(Dataset)

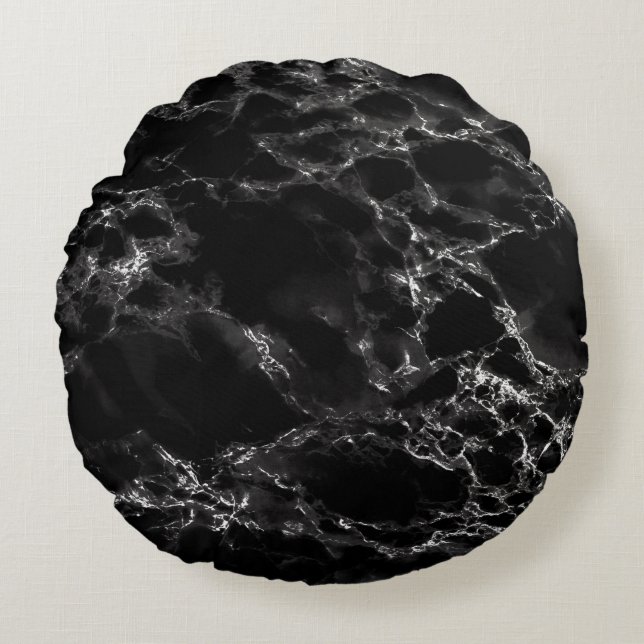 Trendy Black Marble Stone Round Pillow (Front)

(End Dataset)
(Dataset)

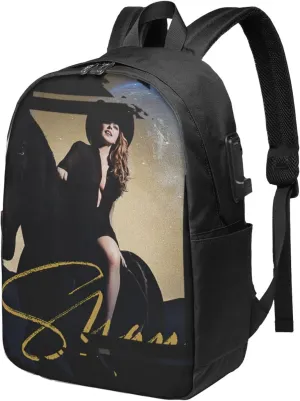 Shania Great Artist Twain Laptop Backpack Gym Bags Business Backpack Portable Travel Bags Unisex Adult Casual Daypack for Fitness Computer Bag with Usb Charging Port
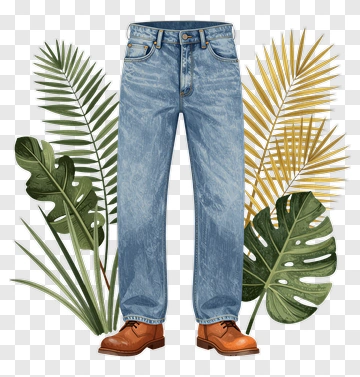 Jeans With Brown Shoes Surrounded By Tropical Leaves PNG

(End Dataset)

# [Action item]
From the listing above, restate verbatim the lines running from the one with "Shania Great Artist" through the one with "Jeans With Brown", inclusive, but not the pictures.

# [Solution to the exercise]
 Shania Great Artist Twain Laptop Backpack Gym Bags Business Backpack Portable Travel Bags Unisex Adult Casual Daypack for Fitness Computer Bag with Usb Charging Port
 Jeans With Brown Shoes Surrounded By Tropical Leaves PNG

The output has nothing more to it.